* _Short text fragments from websites_:

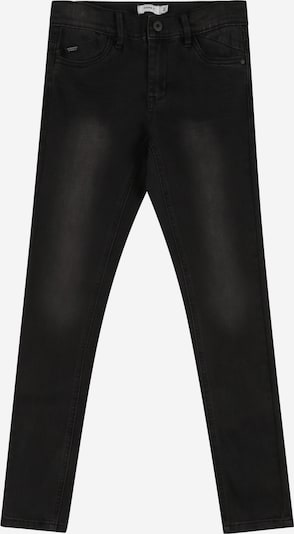 NAME IT Jeans 'Pete' in de kleur Black denim, Productweergave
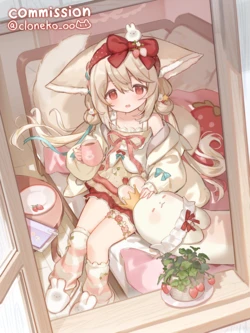 [Pixiv] clonekoｰit (4476264)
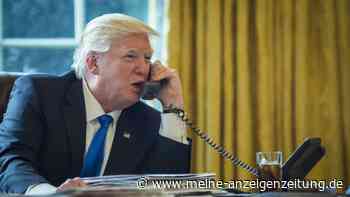 Biden soll Atomkrieg verhindert haben, während Trump mit Putin telefonierte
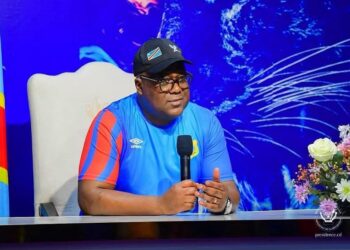 RDC : Le Président Félix Tshisekedi salue le parcours historique des Léopards au Mondial 2026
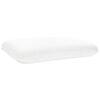vidaXL Coussin de sommeil 50 x 30 x 10,5 cm Moyen Blanc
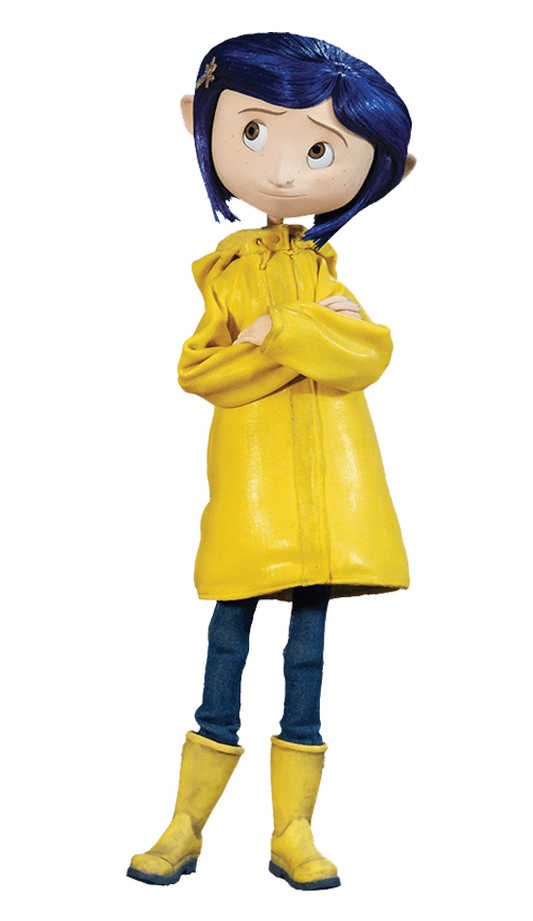 wybie coraline costume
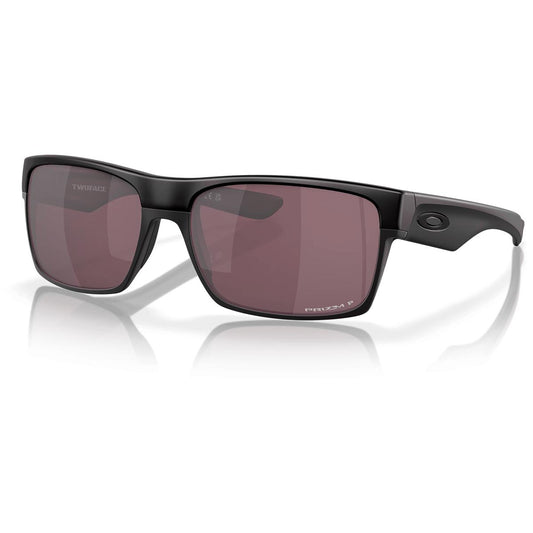 Óculos Oakley Two Face Matte Black Prizm Daily Polarized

* _PROBLEM TO SOLVE_:
Only the lines from the one containing "wybie coraline costume" through the end of the data above are to be output, exactly and without pictures.

* _EXERCISE ANSWER_:
 wybie coraline costume
 Óculos Oakley Two Face Matte Black Prizm Daily Polarized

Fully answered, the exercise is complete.